Online storage service MediaMax, also called The Linkup, went out of business following a system administration error that deleted active customer data. The defunct company leaves behind unhappy users and raises questions about the reliability of cloud computing.
Streamload offered unlimited and then 25 GB of free storage for quite some time. This resulted in a tremendous amount of data stored in a few million free, non-active accounts for [nine years]. Streamload was literally paying for former users to store 100’s of terabytes of old, inactive data for free. In preparation for the split of the two companies, and subsequent move of the MediaMax application to SAVVIS, it was determined that the inactive data from former users would be purged on the Streamload/MediaMax storage system, thus shrinking the overall storage needs and costs for the new MediaMax company. During this process, a system administrator ran a script that misidentified active account data and disassociated physical files from their owners.
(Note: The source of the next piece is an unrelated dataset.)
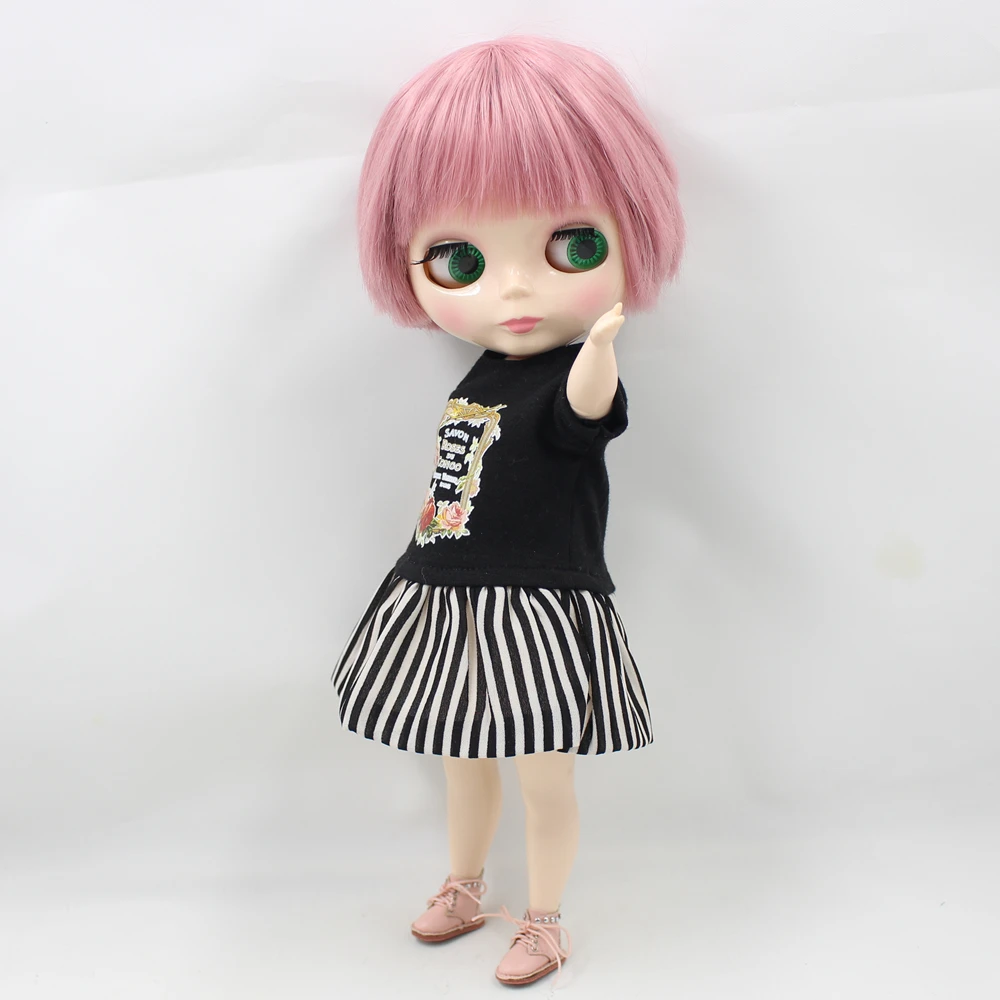 Fortune Days Blyth doll черное платье с короткими рукавами для пухленькой куклы милое платье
Although The Linkup lost a ton of customer data, CEO Steve Iverson told Network World he's unsure how much is gone:
Iverson says at least 55% of the data was safe. How much of the remaining 45% was saved is not clear, he says. "We know there was definitely a lot of customer problems, and when we looked at some individual accounts, some people didn’t have any files, and some people had all their files."
THE PROJECT FAILURES ANALYSIS
As with most failures, this story is fraught with complications and contradictions. Besides finger pointing and back-biting, which I suppose is to be expected, confusing corporate relationships coupled with a seemingly bizarre level of process and technical carelessness lend a weird flavor to the whole mess.
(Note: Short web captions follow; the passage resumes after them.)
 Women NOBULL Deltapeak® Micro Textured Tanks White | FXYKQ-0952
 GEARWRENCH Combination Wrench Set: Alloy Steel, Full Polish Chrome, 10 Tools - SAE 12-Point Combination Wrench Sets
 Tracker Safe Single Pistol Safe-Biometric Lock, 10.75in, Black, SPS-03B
The human drama is documented in links from this post; more importantly, two significant and highly connected issues were at play:
- Business process failures. Apparently, the company allowed a lone system administrator to perform tasks affecting the company's core business without sufficiently performing dry runs. I suppose this point is self-evident: scenario planning is critical whenever IT handles irreplaceable data. Management is responsible for establishing all operating plans and contingency procedures before IT executes data-threatening procedures.
- Technical failures. Given the high stakes and the script's intended goal, the company should have performed intensive testing ahead of time.
Beyond meeting legitimate business and regulatory requirements, retaining years of old, inactive data adds unnecessary risk and cost.
There was also a process failure. Newsgator takes active steps to isolate problems and prevent this type of damage. In addition to sandbox testing, which is computer science 101, we require two-key authorization: the sys admin can only run these types of scripts after a second person has given approval. A well-defined system of checks and balances prevents problems.
While this case is an interesting footnote in the history of IT failures, the larger implications relate to cloud computing. On this subject, Larry Dignan says:
[The cloud's] growing pains, which are more evident each day that we rely more on service-based software efforts, indicate that you can’t really trust the cloud at this juncture. It’s too early and providers are learning as they go.
Despite being a cloud-based failure, the underlying problem is human error and poor judgment. This cloud failure is no different from any other IT problem, where immature process coupled with lax management oversight resulted in catastrophic meltdown.